**GIVEN MATERIAL:**
********************

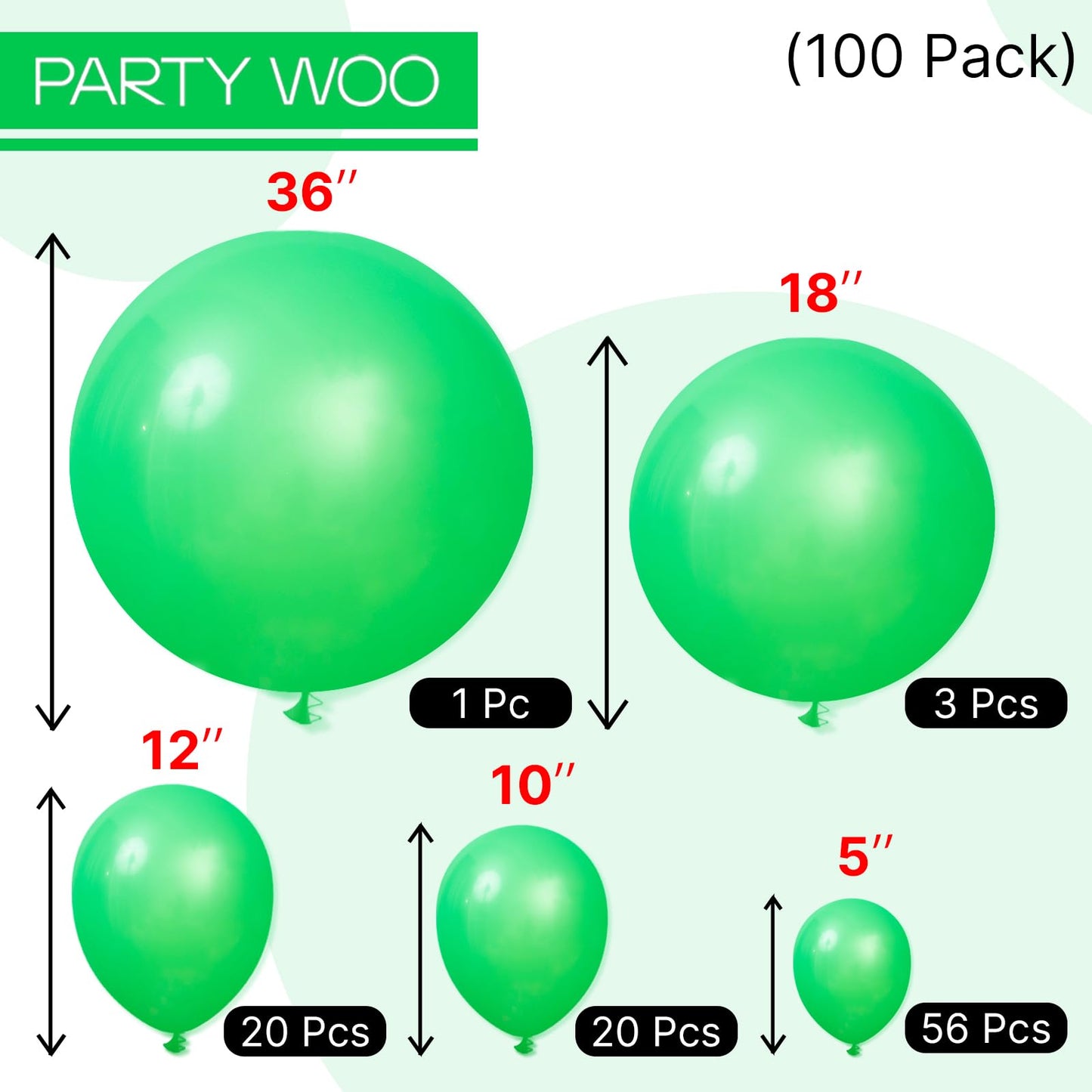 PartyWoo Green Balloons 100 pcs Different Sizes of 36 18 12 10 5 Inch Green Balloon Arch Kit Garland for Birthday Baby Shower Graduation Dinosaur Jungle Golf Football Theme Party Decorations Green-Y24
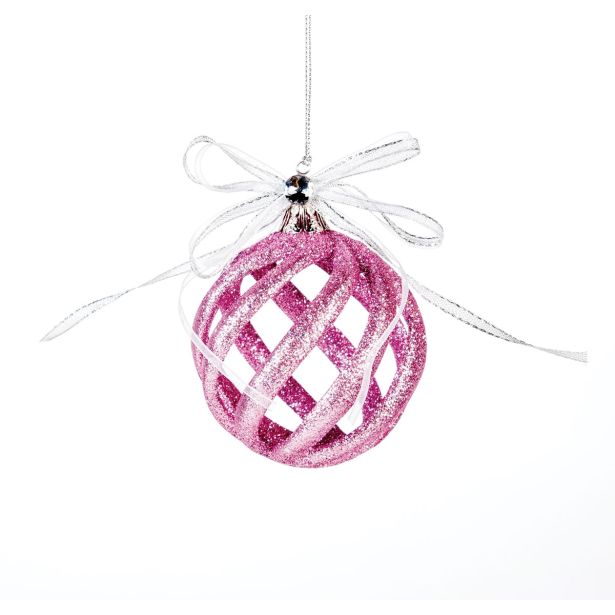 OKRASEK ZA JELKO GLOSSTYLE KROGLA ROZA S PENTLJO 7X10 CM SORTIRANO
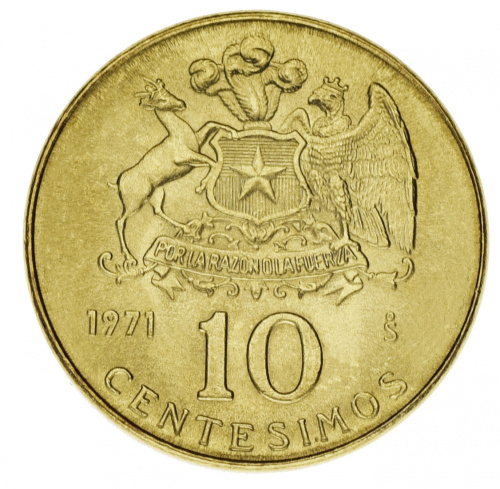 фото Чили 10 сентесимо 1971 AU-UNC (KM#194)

********************

**WORK REQUEST:** Write out the listing again word for word, but without its pictures.

**RESPONSE TO THIS EXERCISE:**
 PartyWoo Green Balloons 100 pcs Different Sizes of 36 18 12 10 5 Inch Green Balloon Arch Kit Garland for Birthday Baby Shower Graduation Dinosaur Jungle Golf Football Theme Party Decorations Green-Y24
 OKRASEK ZA JELKO GLOSSTYLE KROGLA ROZA S PENTLJO 7X10 CM SORTIRANO
 фото Чили 10 сентесимо 1971 AU-UNC (KM#194)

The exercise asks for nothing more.